The market continued to consolidate for yet another session but bulls seem to be strongly holding the fort as the benchmark indices extended uptrend for the sixth consecutive day on August 3.
The BSE Sensex rallied more than 200 points to 58,350 while the Nifty50 climbed 43 points to 17,388 and formed a small-bodied bullish candle on daily charts with higher high higher low formation for the fifth straight day.
However, there was underperformance in the broader space on weak breadth. The Nifty Midcap 100 and Smallcap 100 indices fell 0.7 and 0.5 percent respectively. About two shares declined for every share rising on the NSE.
Stocks that were in action included Rossari Biotech which gained 5.8 percent at Rs 945, which has seen large bullish candlestick pattern formation on the daily charts with significantly higher volumes with expanding Bollinger Band after a day of high wave kind of candle formation. The long downward sloping trendline (adjoining record high point on October 12, 2021, and January 14, 2022) has broken out with a positive candle on July 28, 2022.
Devyani International was another stock that rallied 5.6 percent to close at Rs 186.75, the highest closing level since January 20 this year, forming robust bullish candlestick pattern which resembles Bullish Engulfing kind of pattern formation on the daily charts, with very high volumes.
Greenply Industries erased significant gains from its high point and finally settled with 1.3 percent gains at Rs 184.8, forming Inverted Hammer kind of pattern on the daily charts.
Here's what Jigar S Patel of Anand Rathi Shares & Stock Brokers recommends investors should do with these stocks when the market resumes trading today:
Rossari Biotech has witnessed a very sharp correction of 51 percent between October 2021 and June 2022. Since then the stock is consolidating between Rs 825-880 (see chart) and it has made a solid base near Rs 900 levels.
On August 3, 2022, it gave a classic breakout from said levels along with massive volume picking up which hints at further upside.
On the indicator front, weekly MACD (moving average convergence and divergence) is giving bullish crossover along with weekly RSI (relative strength index) displaying impulsive structure near oversold zone indicating further upside till Rs 1,100 with plausible support seen at Rs 875.
One can hold (if already bought) and add (if considering fresh buy) at the current market price.
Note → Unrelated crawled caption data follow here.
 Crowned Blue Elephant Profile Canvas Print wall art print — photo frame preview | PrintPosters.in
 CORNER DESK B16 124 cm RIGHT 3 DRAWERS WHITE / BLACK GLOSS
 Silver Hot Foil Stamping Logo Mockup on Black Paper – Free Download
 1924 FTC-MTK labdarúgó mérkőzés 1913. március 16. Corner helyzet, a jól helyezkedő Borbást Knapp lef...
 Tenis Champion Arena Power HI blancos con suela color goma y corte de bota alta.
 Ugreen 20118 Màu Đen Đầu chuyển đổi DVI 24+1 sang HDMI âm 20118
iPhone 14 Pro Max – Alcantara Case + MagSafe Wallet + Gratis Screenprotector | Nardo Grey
On the daily chart, the counter is near resistance levels of approximately Rs 190-200. Over the last one month, the stock has seen 33 percent appreciation. If already holding, then one should book some profits between Rs 190-195 levels.
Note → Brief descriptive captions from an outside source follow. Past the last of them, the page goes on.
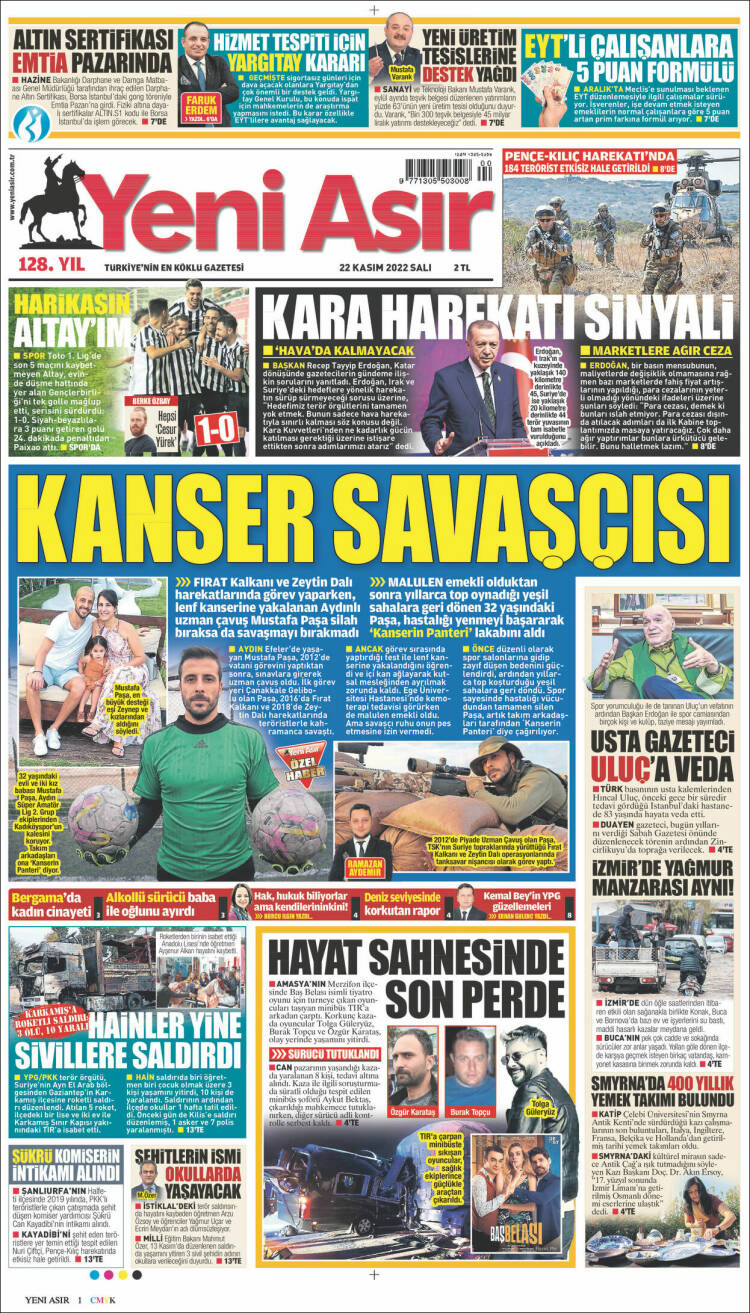 Portada de Yeni Asır (Turqu&iacute;a)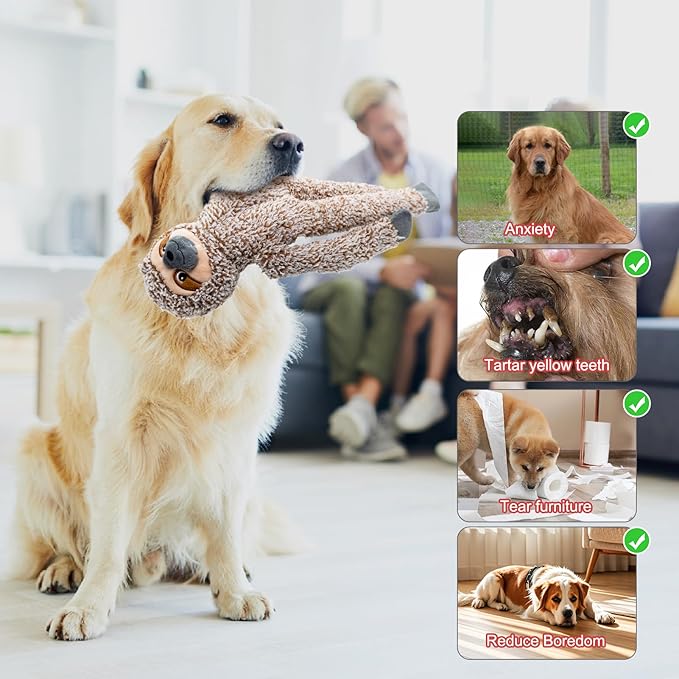 Koala No Stuffing Dog Toys for Large Dogs, Squeaky Crinkle Interactive Dog Animals Toys, Plush Teething Toys to Keep Them Busy, Cute Funny Dogs Gifts for Small Medium Large Breed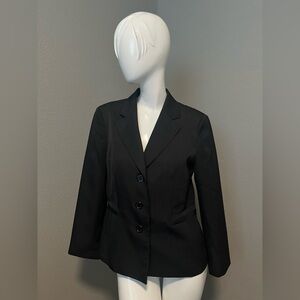 Le Suit Separates Women”s Black Striped  Three Button Blazer Jacket Size 12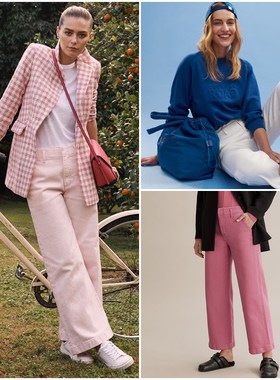 澳洲轻奢C0UNTRY 女款 澳洲棉大地色斜纹高腰阔腿牛仔裤 7色 5179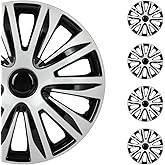 SCITOO Car Wheel Rim Skin 4 Pack 15 inch Cover Hubcap Wheel Cover Replacement R15 Hub Caps -Set of 4（15-inch，Gloss Black &amp; Silver）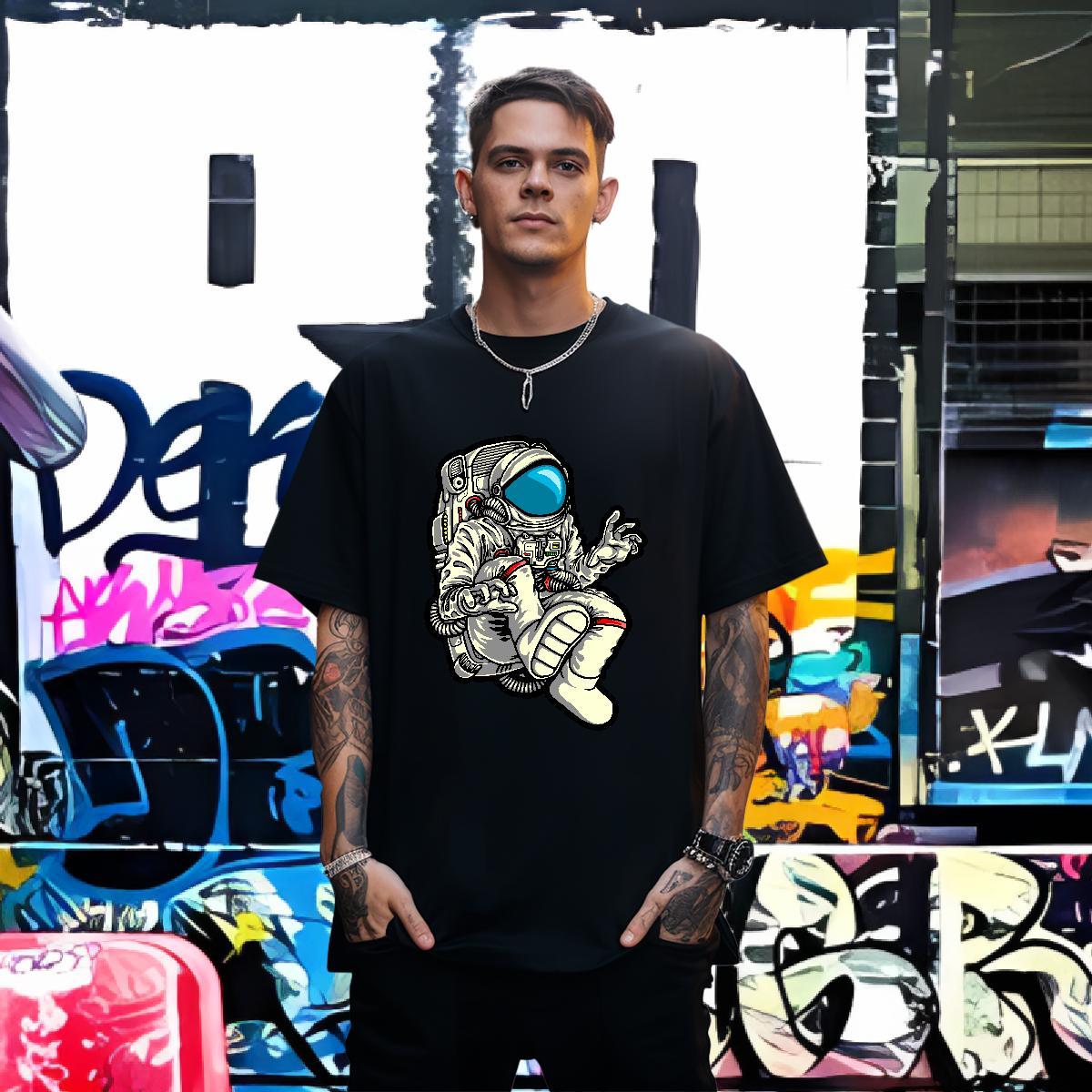 T-Shirts for Men 230g Pure Cotton cosmonaut Street Crew Neck Breathable Asian Size Tshirts New Free Shipping Tops Shirt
Last but not the least, fresh buying in the counter is not advisable at the current market price, as volumes are high at higher price which is a sign of exhaustion.
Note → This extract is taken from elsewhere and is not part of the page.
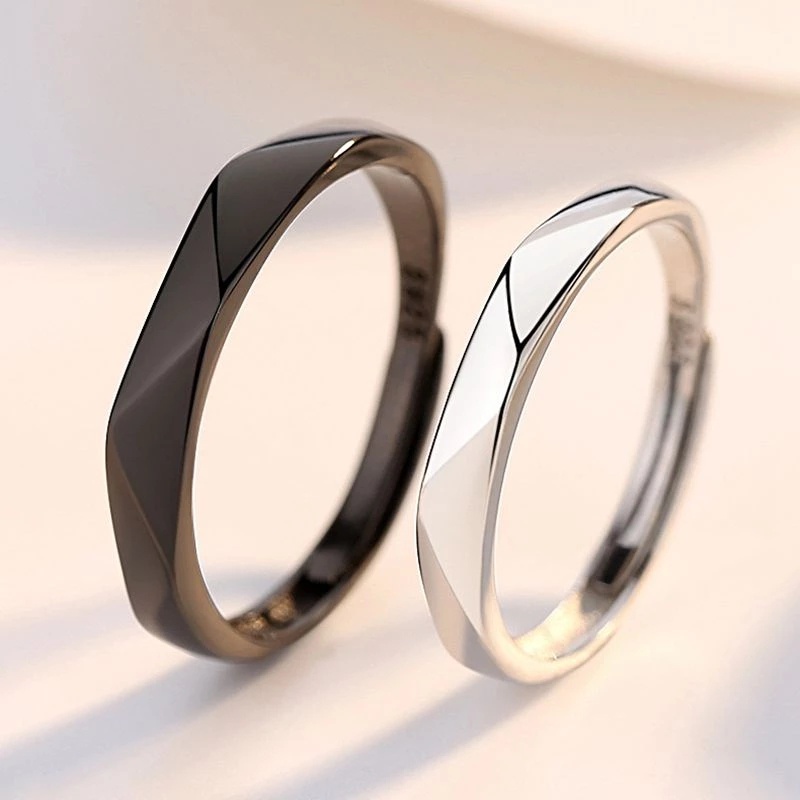 Belah Ketupat Couple Rings Adjustable Perhiasan Aksesoris Elegan Cincin Tunangan Trendy Hitam Putih Alloy Ring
What a great setup we are having at Greenply Industries -- precise bullish BAT pattern which got completed at 0.886 ratio on the daily chart with N-wave formation near the potential reversal zone of Rs 170-175.
In the current scenario, the said counter has reversed from the said potential reversal zone with positive volume picking up which hints at further upside. One can buy at current levels in small tranche and another tranche at Rs 178 levels. Upside is expected till Rs 220 and plausible support is seen at Rs 170.

Disclaimer: The views and investment tips expressed by investment experts on Moneycontrol.com are their own and not those of the website or its management. Moneycontrol.com advises users to check with certified experts before taking any investment decisions.